It also occurs to me that for bullets 4 and 5 in "Vector Length", the
CDT should be long long, not int, since we pass aggregates in pieces in
64-bit registers and/or chunks of memory.

Other small bugs:
 - Bullet 4 says "the CDT determine by a) or b) above", but the referents
should be "(1) or (2)" instead.
 - First line of "Compiler generated variants of vector functions" has
a typo ("umasked").

Segher, thanks for smacking my recalcitrant head until it understands...

Thanks,
Bill




Segher


Re: GLIBC libmvec status

2020-02-27 Thread Jakub Jelinek
On Thu, Feb 27, 2020 at 11:56:49AM +0100, Richard Biener wrote:
> > > This calling convention would also be useful in the future for vectorizing
> > > functions that return complex values either by value or by reference.
> >
> > Only by value, you really don't know what the code does if something is
> > passed by reference, whether it is read, written into, or both etc.
> > And for _Complex {float,double}, e.g. the Intel ABI already specifies how to
> > pass them, just GCC isn't able to do that right now.
> 
> Ah, ok.  So what's missing is the standard function cexpi both GCC and
> libmvec can use.

That, plus adjust omp-simd-clone.c and the backends so that they do support
the complex modes and essentially transform those into passing/returning of
either vector of the complex elts with twice as many subparts, or twice as
many vectors, like e.g. the Intel ABI specifies.  E.g. for return type
adjustment, right now we have:
  t = TREE_TYPE (TREE_TYPE (fndecl));
  if (INTEGRAL_TYPE_P (t) || POINTER_TYPE_P (t))
veclen = node->simdclone->vecsize_int;
  else
veclen = node->simdclone->vecsize_float;
  veclen /= GET_MODE_BITSIZE (SCALAR_TYPE_MODE (t));
  if (veclen > node->simdclone->simdlen)
veclen = node->simdclone->simdlen;
  if (POINTER_TYPE_P (t))
t = pointer_sized_int_node;
  if (veclen == node->simdclone->simdlen)
t = build_vector_type (t, node->simdclone->simdlen);
  else
{
  t = build_vector_type (t, veclen);
  t = build_array_type_nelts (t, node->simdclone->simdlen / veclen);
}
and we'd need to deal with the complex types accordingly.
And of course then to teach the vectorizer.

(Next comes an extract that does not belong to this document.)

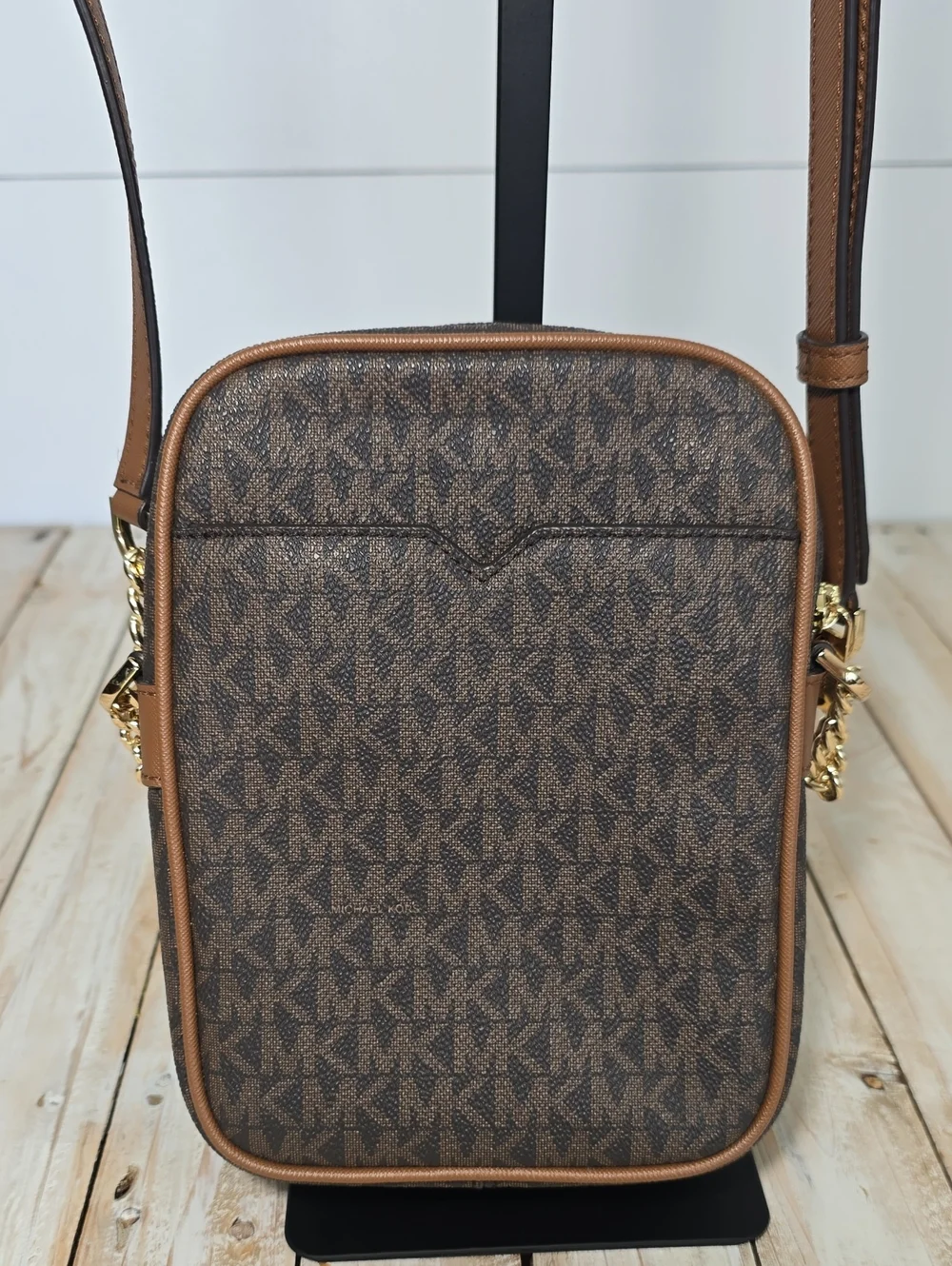 Michael Kors Jet Set Travel Medium Crossbody Flight Bag Brown Signature Gold HW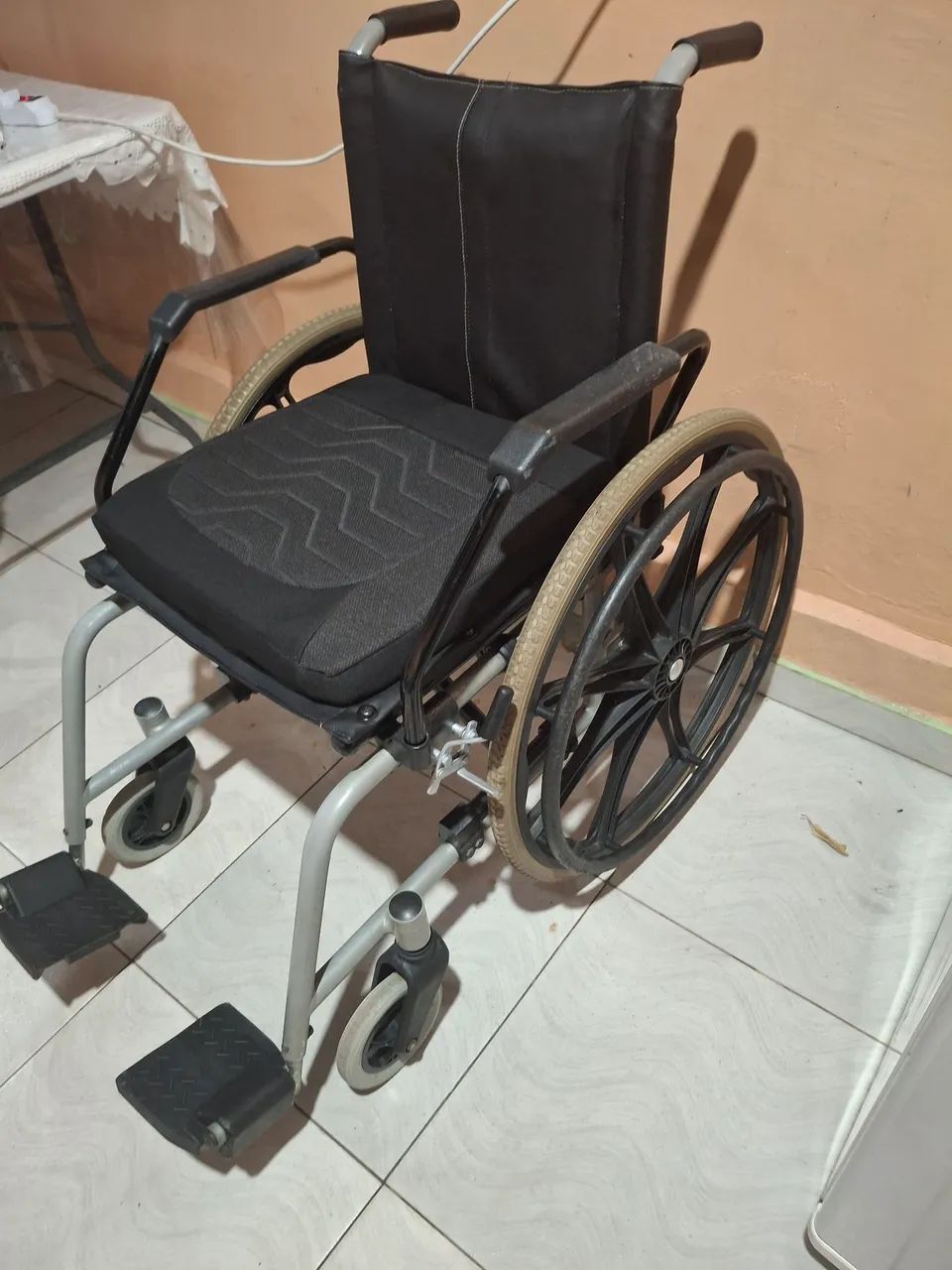 VENDO CADEIRA DE RODAS PASSEIO 140KG DELLAMED - Foto 4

The Intel ABI e.g. for SSE2 (their 'x' letter, which roughly matches our 'b'
letter) they have:
sizeof  VLEN=2  VLEN=4  VLEN=8  VLEN=16
float   4   1*MS128 1*MS128 2*MS128 4*MS128
double  8   1*MD128 2*MD128 4*MD128 8*MD128
float
complex 8   1*MS128 2*MS128 4*MS128 8*MS128
double
complex 16  2*MD128 4*MD128 8*MD128 16*MD128
where MS128 is __m128 and MD128 __m128d, i.e. float
__attribute__((vector_size (16))) and double __attribute__((vector_size (16))).

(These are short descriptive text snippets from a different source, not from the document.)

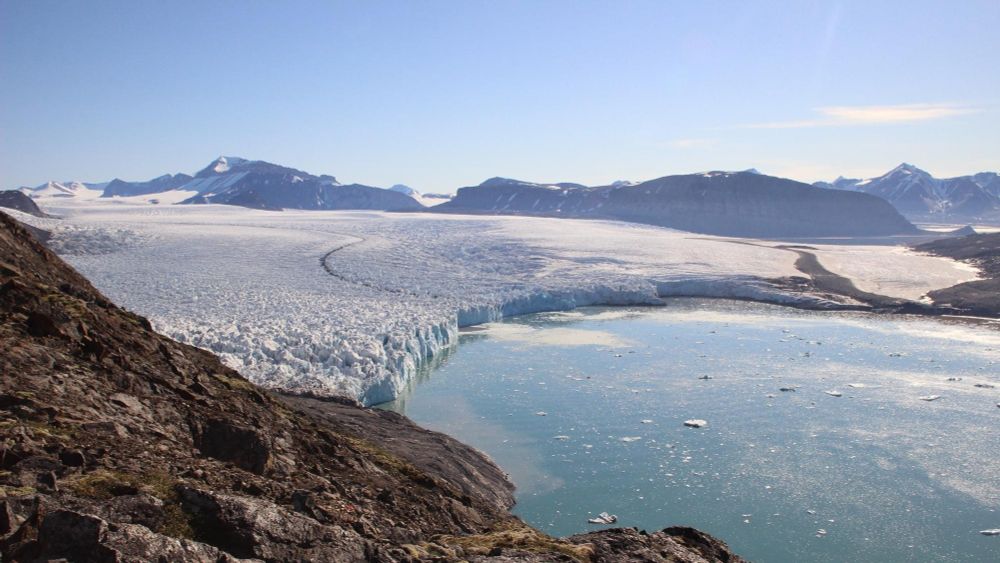 Photo: Jack Kohler. Time-lapse camera image of a glacier front.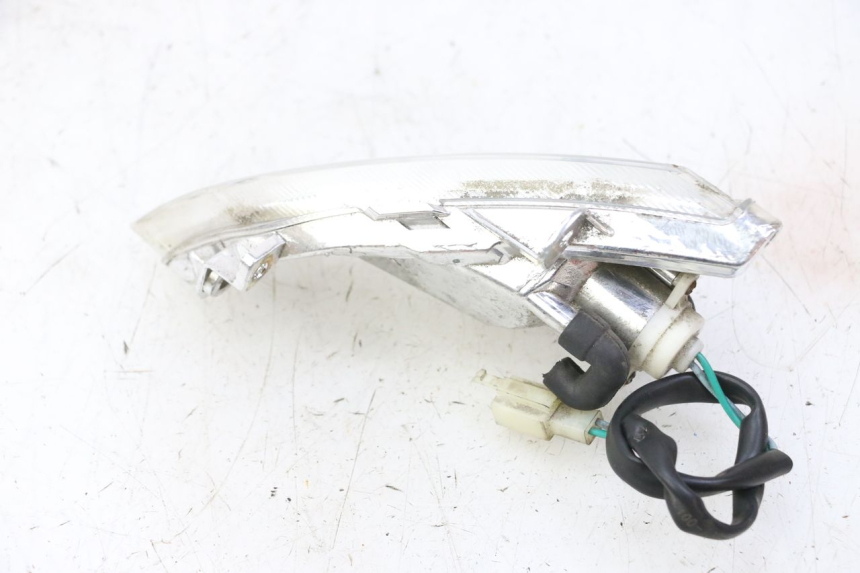 photo de INTERMITENTE DELANTERO DERECHO PEUGEOT TWEET 4T 50 (2018 - 2022) - Otra perspectiva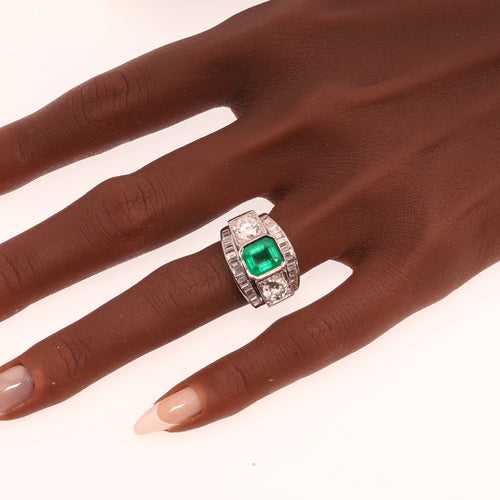 26155-0112.p01_Ein architektonischer Statement-Ring mit Smaragd und Diamanten  um  1955-de.jpg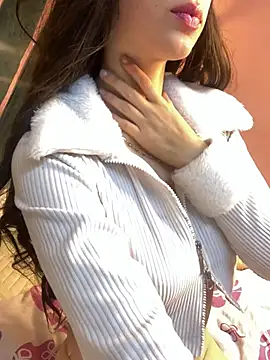 aly_16's Live XXX Chat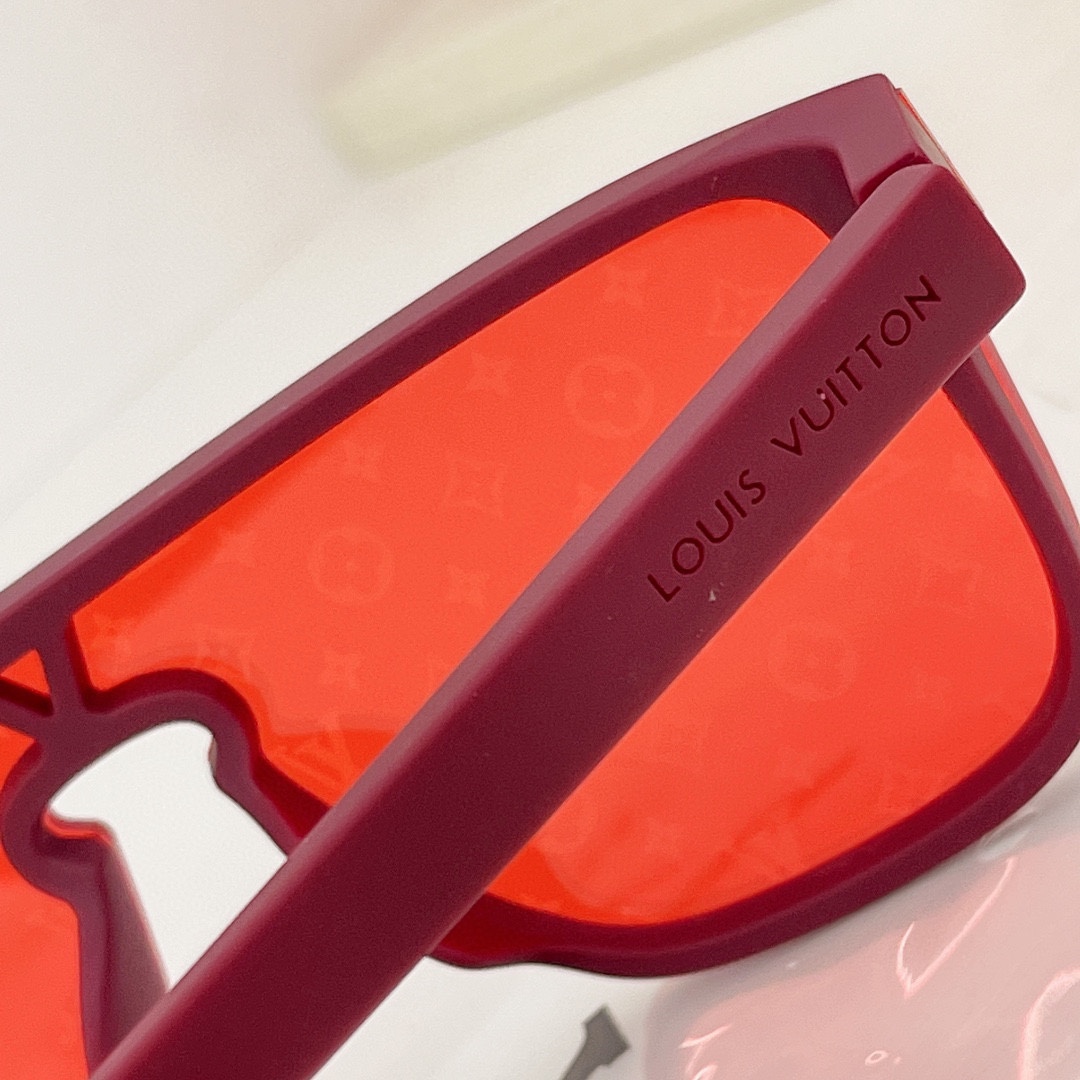 Louis Vuitton LV Waimea Sunglasses   Z1082 - DopestKickz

I'll need to check ICC on godbolt how they actually pass the complex,
whether it is real0 imag0 real1 imag1 real2 imag2 real3 imag3 or
real0 real1 real2 real3 imag0 imag1 imag2 imag3.

Jakub



Re: GLIBC libmvec status

2020-02-27 Thread Richard Biener
On Wed, Feb 26, 2020 at 3:31 PM Jakub Jelinek  wrote:
>
> On Wed, Feb 26, 2020 at 07:55:53AM -0600, Bill Schmidt wrote:
> > The hope is that we can create a vectorized version that returns values
> > in registers rather than the by-ref parameters, and add code to GCC to
> > copy things around correctly following the call.  Ideally the signature of
> > the vectorized version would be sth like
> >
> >   struct retval {vector double, vector double};
> >   retval vecsincos (vector double);
> >
> > In the typical case where calls to sincos are of the form
> >
> >   sincos (val[i], &sinval[i], &cosval[i]);
> >
> > this would allow us to only store the values in the caller upon return,
> > rather than store them in the callee and potentially reload them
> > immediately in the caller.  On some Power CPUs, the latter behavior can
> > result in somewhat costly stalls if the consecutive accesses hit a timing
> > window.
>
> But can't you do
> #pragma omp declare simd linear(sinp, cosp)
> void sincos (double x, double *sinp, double *cosp);
> ?
> That is something the vectorizer code could handle and for
>   for (int i = 0; i < 1024; i++)
> sincos (val[i], &sinval[i], &cosval[i]);
> just vectorize it as
>   for (int i = 0; i < 1024; i += vf)
> _ZGVbN8vl8l8_sincos (*(vector double *)&val[i], &sinval[i], &cosval[i]);
> Anything else will need specialized code to handle sincos specially in the
> vectorizer.

I guess we'll need special code in the vectorizer anyway because in
GIMPLE we'll have

  for (int i = 0; i < 1024; i++)
   {
  _Complex double tem = __builtin_cexpi (val[i]);
  sinval[i] = __real tem;
  cosval[i] = __imag tem;
   }

we'd have to promote tem back to memory and the call to
sincos (val[i], &__real tem, &__imag tem) virtually or
explicitely.  The vectorizer is currently not happy seeing
_Complex (but dataref analysis would not be happy to see
sincos).  So we do need changes to the vectorizer.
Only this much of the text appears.